Every line below between the line holding "Quantity of (2)" and the line holding "Bear Eternal Pencil - Light Pink", inclusive, should be repeated exactly, and all other lines omitted.

INFORMATION SUPPLIED
━━━━━━━━━━
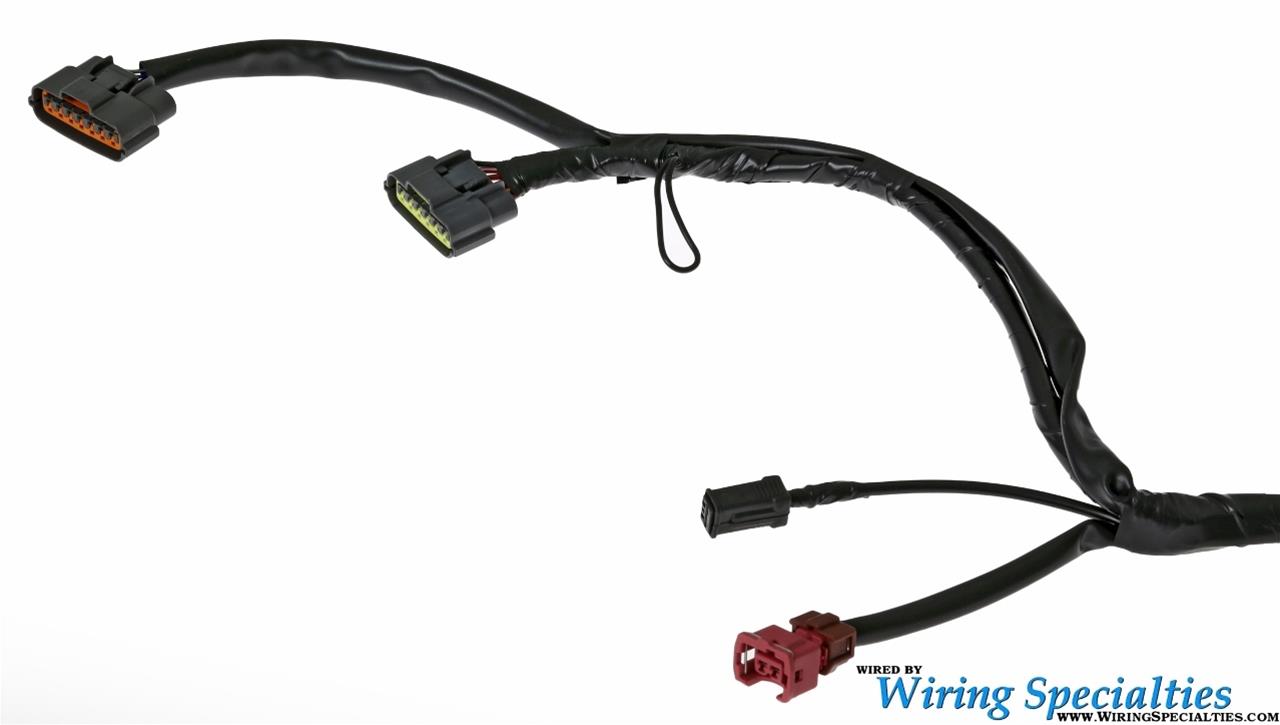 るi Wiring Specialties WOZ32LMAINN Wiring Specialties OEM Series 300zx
━━━━━━━━━━
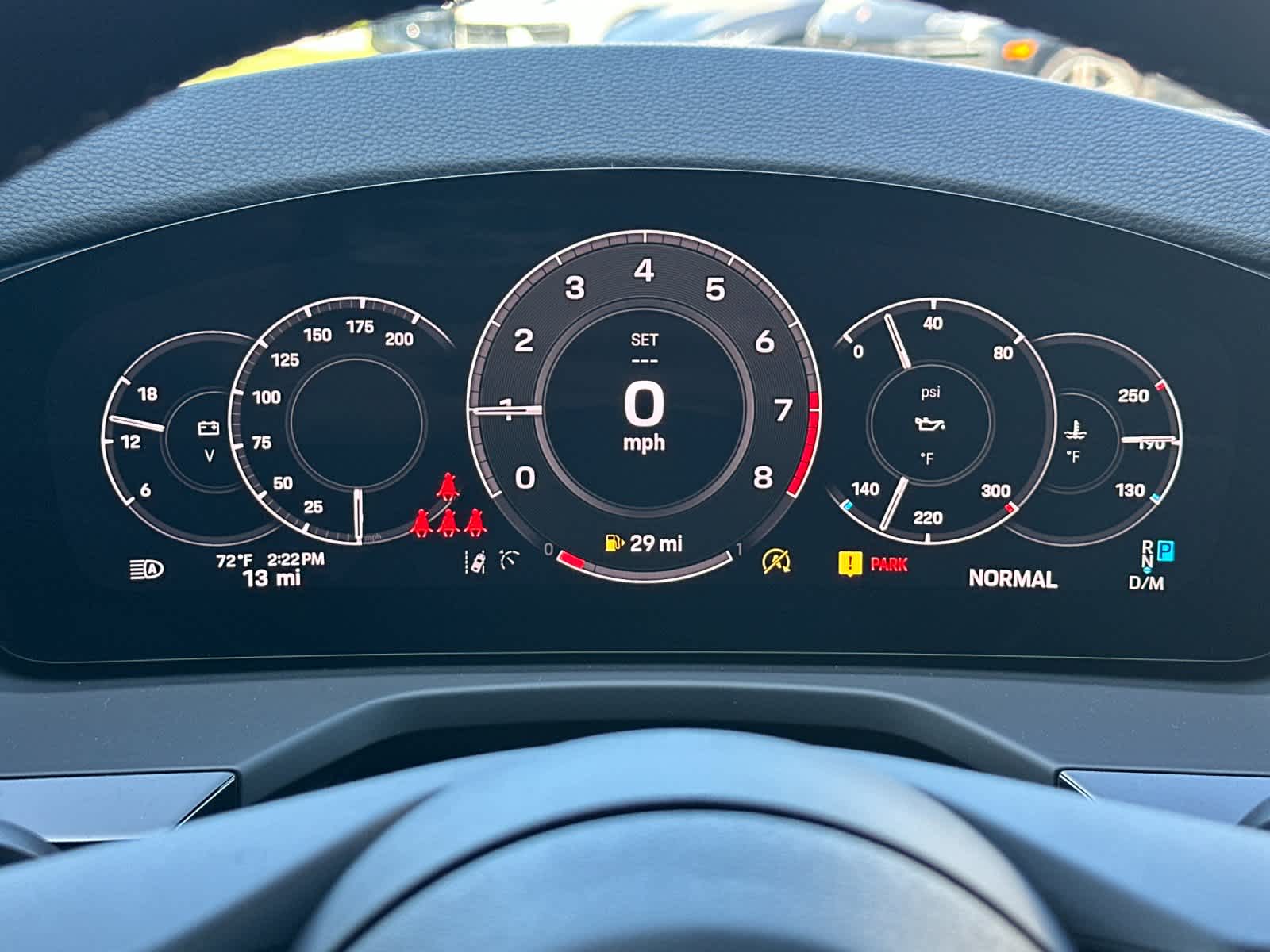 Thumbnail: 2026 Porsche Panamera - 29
━━━━━━━━━━
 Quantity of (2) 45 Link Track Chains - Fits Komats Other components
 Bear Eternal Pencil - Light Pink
━━━━━━━━━━
TASK ANSWER
 Quantity of (2) 45 Link Track Chains - Fits Komats Other components
 Bear Eternal Pencil - Light Pink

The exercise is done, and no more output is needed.